Heartworm Disease In Dogs and Cats

You may also like...

22 Responses

  1. raisingdaisy says:

    Wow, that’s really scary. I remember reading about heartworm when I got my first dog years ago, and it grossed me out so much that I’ve never forgotten to give any of our dogs their meds through the years. I doubt if there’s anyone living anywhere who doesn’t have to worry about mosquitoes during some portion of the year.

  2. That’s great that you are making sure that your dogs get a heartworm preventative every month, RaisingDaisy!

  3. It makes me crazy when people don’t give heartworm preventative to their pets. Living in Louisiana a.k.a. Mosquito Central, it is imperative that dogs and cats are guarded against heartworms. Most dogs have to be treated when they are brought into our local humane society. It is can be expensive, but to not treat them can cost much more, including their life.

  4. Thanks for sharing, M.K.!

  5. chasingdogtales says:

    The dog vs. cat comparison is interesting. I think I’ve heard that there’s a chance that dogs can still contract heartworms, even if they’re on a monthly preventative. If that’s true, how often or likely would that happen? I’ve always been curious why annual heartworm testing is needed if you give the monthly preventative.

  6. Thanks for your question, ChasingDogTales. Annual heartworm testing is recommended even if you are giving a monthly heartworm preventative because, although heartworm preventatives are very effective, no medication is 100% effective and there is still a chance that pets can become infected. In addition, missing a dose of a monthly preventative or giving it late can result in your pet becoming susceptible to heartworm infection. Even if you faithfully give the heartworm preventative every month as recommended, your pet may spit out or vomit an oral heartworm preventative resulting in one or more missed doses.

  7. Val Silver says:

    Important information here about heartworm. I like the charts – makes it easy to read and learn about heartworm in dogs and cats. Now, the photo – it amazes me that those worms could be that big inside a heart. Gross.

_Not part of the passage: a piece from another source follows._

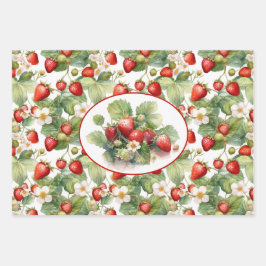 Niedliche Erdbeeren Wasserfarbe Geschenkpapier Set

  8. I agree that seeing live heartworms in a dead dog’s heart is gross, Val. I watched a video of live heartworms moving around in a dead dog’s heart and that was even more disgusting. However, seeing what heartworms look like is an important part of learning about heartworm disease.

  9. Very informative. Do you mind if I share this with my Chihuahua group/followers? We are South Suburban Chihuahua. WOOF!

  10. Thanks, Piranha Banana. You are welcome to share a link to my post about Heartworm Disease with your Chihuahua group. I would love to have them visit my blog.

  11. Great article and very informative!! Question, is there an oral one that repels mosquitos, fleas and ticks. I’ve been using BioSpot with great results for years but hate the greasy mess of it.

  12. Thanks, Cathy! I am not aware of an oral product that kills heartworms, fleas, ticks, and mosquitos. Trifexis and Sentinel are given orally and are both are labeled to kill heartworms and fleas. Nexgard is an oral product that protects against fleas and ticks.

  13. travelanimaldr says:

    Great table on different heartworm preventatives. Thanks for another great article.

  14. Thanks, TravelAnimalDr!

  15. So scary, great post!

  16. Thanks, Talent Hounds!

  17. This is such a no brainer to me! I can’t imagine not giving Harley or Jax everything they need to protect themselves. It’s so cruel. Great post Rachele, will definitely share this one. The table was excellent also.

  18. Thanks, Groovy Goldendoodles!

  19. Thank you for this great post on such a deadly disease. My gang is on year round protection.

  20. That’s great to hear, Sand Spring Chesapeakes!

  21. Are you aware of heartworm incidence maps for other parts of the world? We’ll be sailing in the Caribbean with our golden and I wonder how much more we might need to worry about heartworm there.

  22. Hi SomethingWagging. I am not aware of heartworm incidence maps for other parts of the world. The heartworm incidence maps referred to in my post are generated from heartworm tests performed by a large diagnostics laboratory in the United States. I would recommend that you check with diagnostic laboratories or local veterinary medical associations in the countries nearest to where you will be sailing in the Caribbean for information about the incidence of heartworm disease in their countries.